PROVIDED RECORDS:

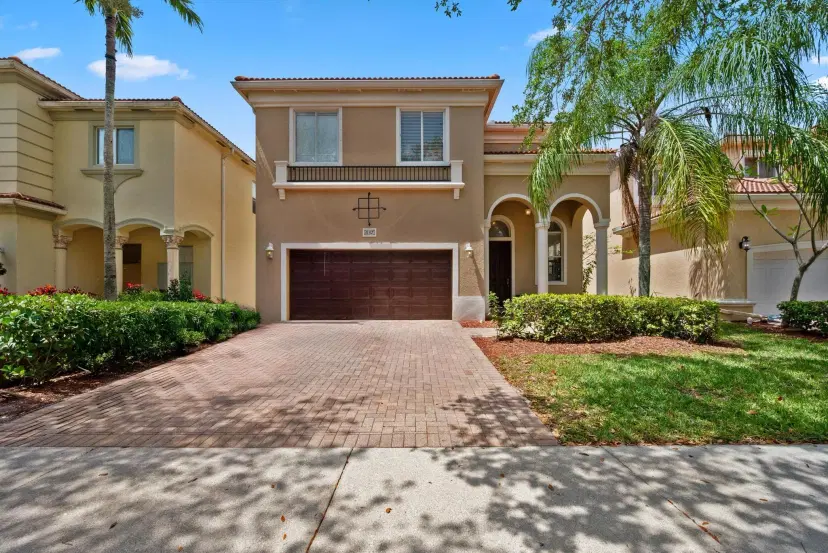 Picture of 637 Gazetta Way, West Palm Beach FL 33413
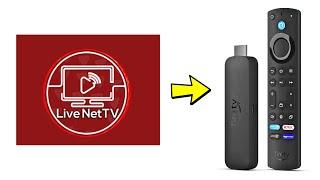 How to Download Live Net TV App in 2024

* * *

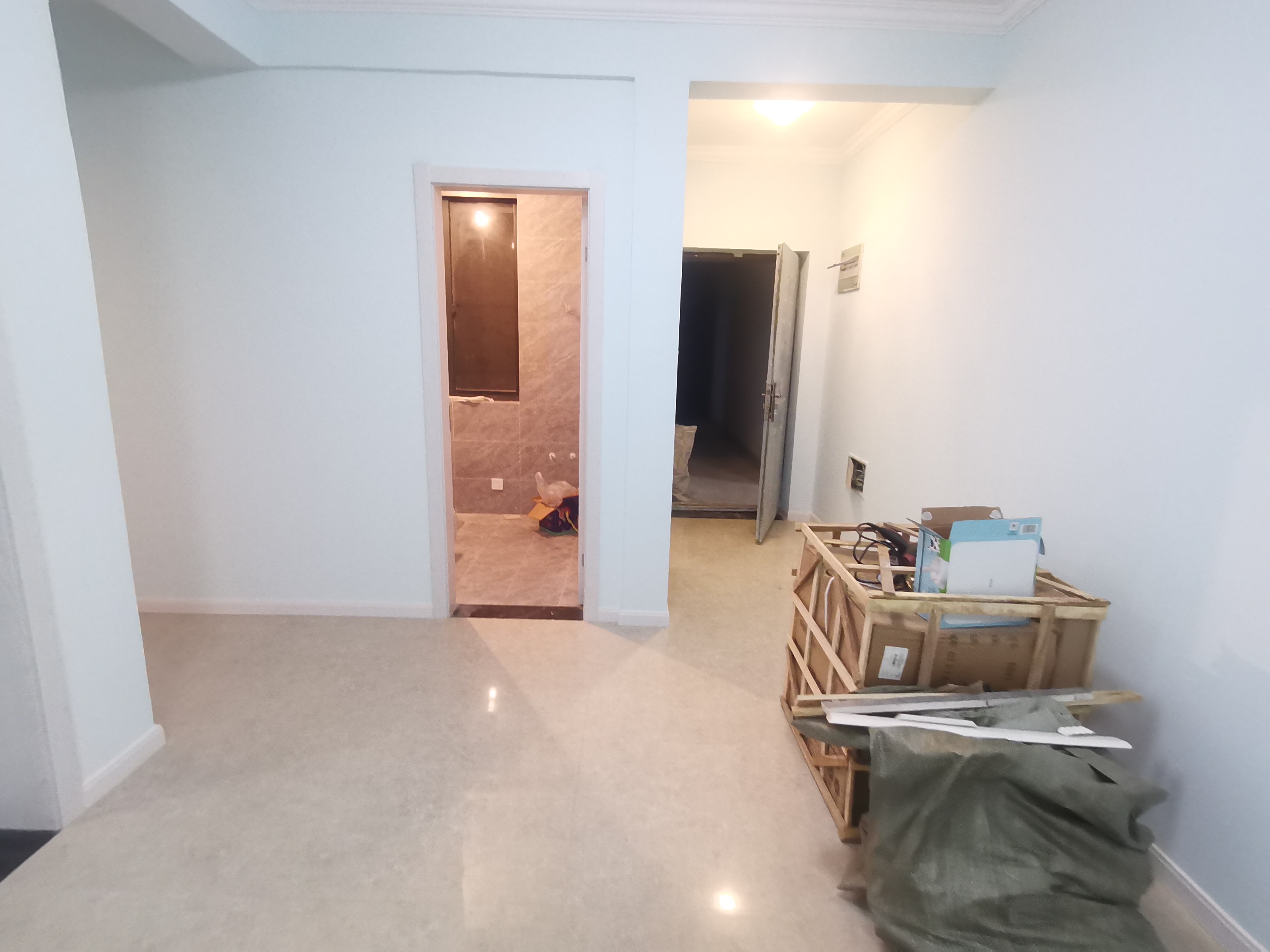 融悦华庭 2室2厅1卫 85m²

ASSIGNMENT: Which part of the entries opens with the line containing "Picture of 637" and closes with the line containing "How to Download Live Net TV App in 2024"? Output that part exactly, ends included, pictures excluded.

TASK ANSWER:
 Picture of 637 Gazetta Way, West Palm Beach FL 33413
 How to Download Live Net TV App in 2024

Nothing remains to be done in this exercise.